Не уважает гибель понарошку.

Ты можешь довести толпу до слез

Лишь в случае, когда умрешь всерьез.

* * *

Идеи стать артистом не было. Что артист? Режиссер! Конница в две тысячи человек, я — в кепочке, свитерке, темных очках как Кончаловский, Тарковский, Вайда — командую в рупор: «Мотор!»

Приехал в Москву. На дворе июнь, а экзамены во ВГИК только в августе. Денег ни шиша. Все потратил на билеты, в Москве тогда как раз проходил Международный кинофестиваль. Кто-то из новых знакомых посоветовал «поступать на артиста». Я в ужасе: «Какой из меня артист с таким лицом?» Меня урезонили: «Артисты разные бывают». Я подал документы в Щукинское. Поступил на курс совершенно небесной Веры Константиновны Львовой.

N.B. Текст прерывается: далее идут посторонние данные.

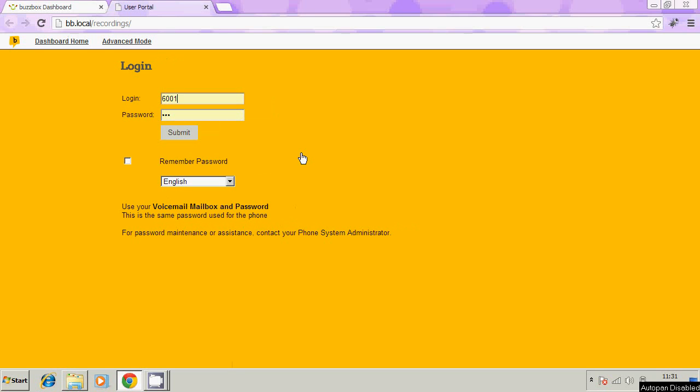I'm going to click on that and then we're asked to log in. The login name is the extension number of your telephone. That's probably written in the top left-hand corner of your telephone screen. Then the password is whatever your voicemail password is. In my case, it's just 123. Then we're going to click on submit.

Не надо думать, что это была какая-то богемная жизнь. Скорее нищенская. Богемность предполагает хотя бы наличие ванной. А мы ходили летом и зимой в одних дырявых кедах.

* * *

Поскольку поступил в артисты, то им и остался. Сказать, что эта была мечта моей жизни — нельзя. И до последних лет у меня нет уверенности, что я занимался тем, чем должен был. Поэтому сейчас у меня нет сожаления о том, что я не могу выходить на сцену.

* * *

Я удачливый артист, возможно, даже приличный. Сказать, что один из лучших в стране, нельзя: у нас слишком много талантливых, на несколько голов выше меня. Но кокетничать и говорить, что к этой профессии я не имею никакого отношения, я не вправе. Я свою профессию наработал. Мне повезло на талантливых режиссеров. Повезло с Театром на Таганке. Но у меня есть ощущение, что я мог быть артистом, а мог быть еще кем-то.

1993 г.

* * *

Сначала я вообще не рассчитывал, что мне что-то обломится. Какой там успех! Я довольно скептически относился всегда к собственной физиономии. Но так случилось, что киношная судьба все-таки состоялась.

1996 г.

* * *

О том, что моя жизнь — явление ослепительной яркости, что все, что я сделал, сыграл — качественно, на всем знак искусства, я с уверенностью могу сказать: «Нет». Ничто из того, что я сделал, не есть принадлежность бессмертия или вечности. К сожалению, ничто.

1993 г.

* * *

Первая картина, о которой я даже вспоминать не хочу, случилась очень давно. И после просмотра я практически заболел. Такое часто бывает с артистами, потому что первый раз в жизни без содрогания смотреть на свое лицо, величиной с двухэтажный дом, могут только очень большие нахалы. Я был настолько убит этой картиной, что решил раз и навсегда, что кино не для меня. И даже когда раздавались какие-то звоночки со студий, я не откликался. И довольно долго. Потом случилось телевидение, я стал потихоньку привыкать к своей внешности, то есть, выражаясь языком профессиональным, «копил лицо», учился им манипулировать. И только после выступлений по телевидению, да и то не сразу, согласился сыграть в картине Константина Худякова «Иванов, Петров, Сидоров», которую и считаю своей первой картиной. К счастью, этот фильм увидел Александр Митта и позвал меня к себе в «Экипаж». А уж после «Экипажа» я получил возможность выбирать роли сам.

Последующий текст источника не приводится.